Ive already posted this video, but listen to the drum sound , forget the solos - the kick is rich and clicky with solid bass response, the snare is gated with 80s reverb and sounds mega , the best snare i have ever mixxed - DOWNLOAD EZMIX NOW !! Oh and it also has a lot of great guitar and bass sounds if you are using vst and cab sims for your guitardistortion , probably better than the current status quo of head vst , tubescreamer vst then recab -its all in one settings , however i am using an ADA MP1 preamp here


----------



## geoffshreds

i dont know man, i disagree. these drums sound a little weak.
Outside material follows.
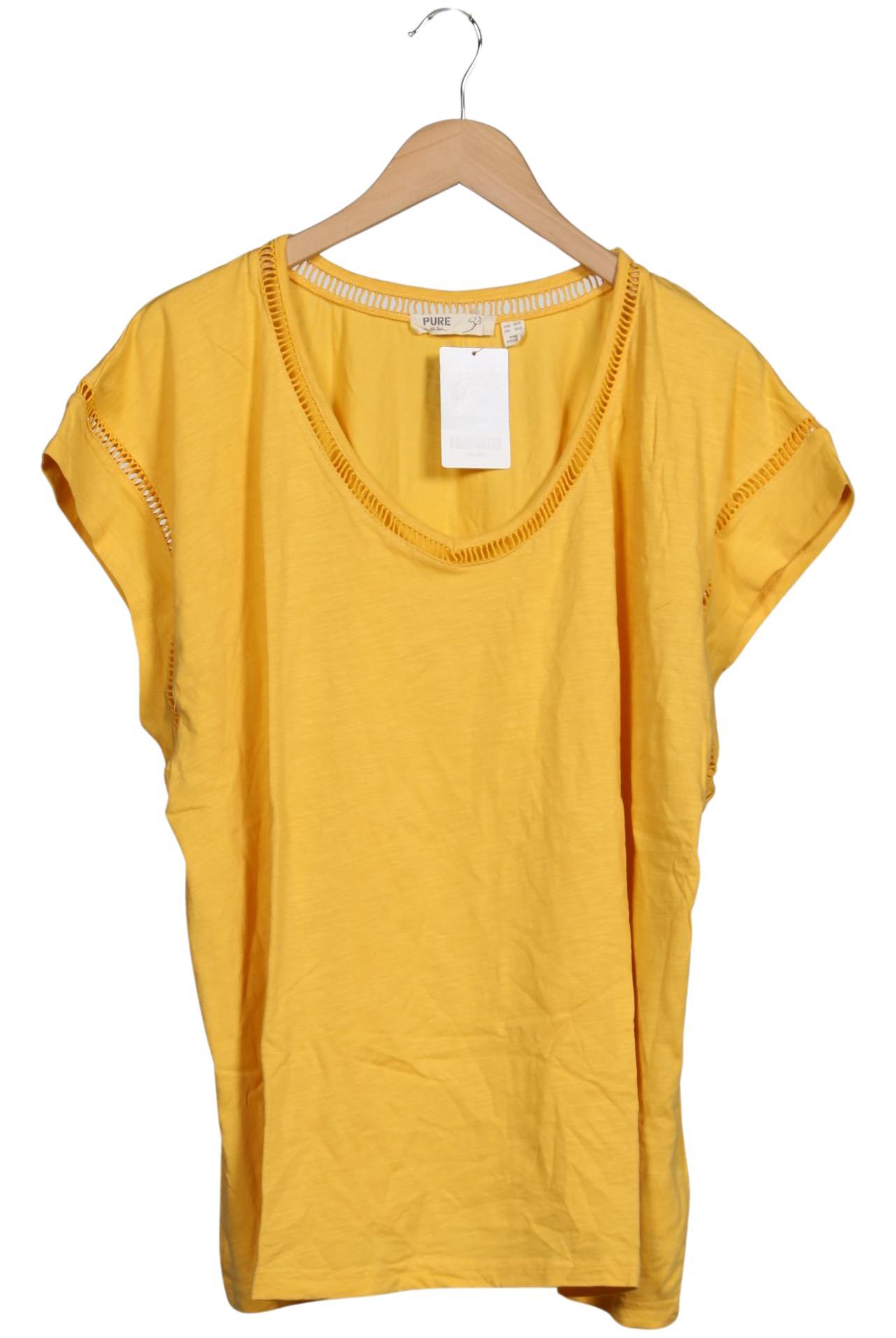 

Pure by Ulla Popken Damen T-Shirt, gelb, Gr. 50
Superior/metal foundry can easily be tweaked to sound amazing. check out my metal foundry kit https://dl-web.dropbox.com/get/drum sample.wav?w=AABzDl1MEwe0iUe61LrkN_vw58XYgB88BdRJvZ7jl2Jeqg


----------



## kaaka

I aggree with the fact that splitting the drums on different channels and using EZMix can vastly improve the sound of SD. At least it is perfect for me who is kind of a recording noob.
But there is also a lot of people who can get an amazing job done with metal foundry only (I'm not one of them at present unless I use a shitload of time).


----------



## Larcher

Yeah, these drums don't sound very powerfull at all. 

EZX + Metalmachine to be honest sounds the best.


----------



## axxessdenied

How to make Superior Drummer sound 100 times better?
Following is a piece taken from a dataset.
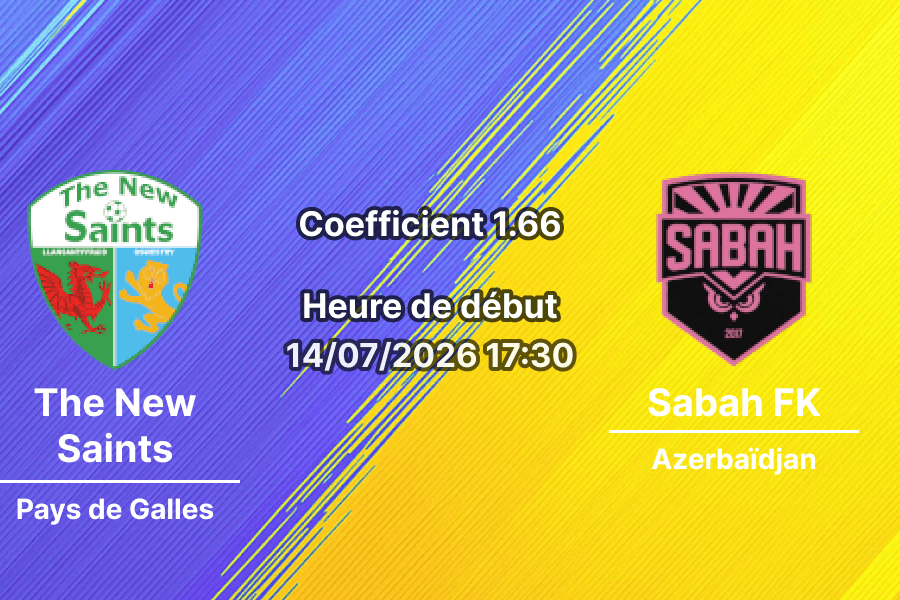 Pronostic The New Saints Sabah Baku – retour 1er tour qualif. UCL, Park Hall Oswestry, 14 juillet 2026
Get Steven Slate 4 Platinum.


----------



## Stealthdjentstic

Please stop


----------



## shnizzle

this is exactly my problem with EZmix. sorry for being harsh now, but that right there is the laziest and lamest thing for mixing. you basically did nothing but put presets from other mixing engineers on the drums. on top of that they don´t even sound good. there´s no power behind them whatsoever. 
but i do agree that mixing SD can get boring after some time. i suggest you rather get some new drum software and do the mixing on it yourself to get new perspective on the whole matter.


----------



## MassNecrophagia

To be honest, you could get a much better drum sound by doing the mixing yourself. It wouldn't take very long, either.


----------



## KingAenarion

This is what FX chains/presets are for.


----------



## Kurkkuviipale

Do I sound like a jerk if I claim to mix 100 times better sounding drums than this without EZMix?


----------



## Paulsh90

Yeah i gotta agree with everyone else and say that i don't really like those drums. Especially that snare, sounds like an 80's glam rock snare haha not that there's anything wrong with that of course, just doesn't have the punch/power i usually like.

But to each his own, if that's the sound you are going for then by all means use it!


----------



## Kurkkuviipale

It's not bad, it just sounds like what it is: A preset. Obviously, at least for me, it does sound a lot better than a lot of stuff that gets posted here or other forums, but that doesn't necessarily mean it would be a good fit for the mix or that it would be something unique to me.


----------



## Prime

I had a feeling this thread was not going to go over well. That said, I think something can be learned from it. Even if someone decides to go this route they may decide to improve upon it. By using ezmix, initially, those people will be able to see the tools used via the ezmix menus and may try to replace them with individual plug-ins of the same type.

Like I said, in the end, I think something can be learned from this. 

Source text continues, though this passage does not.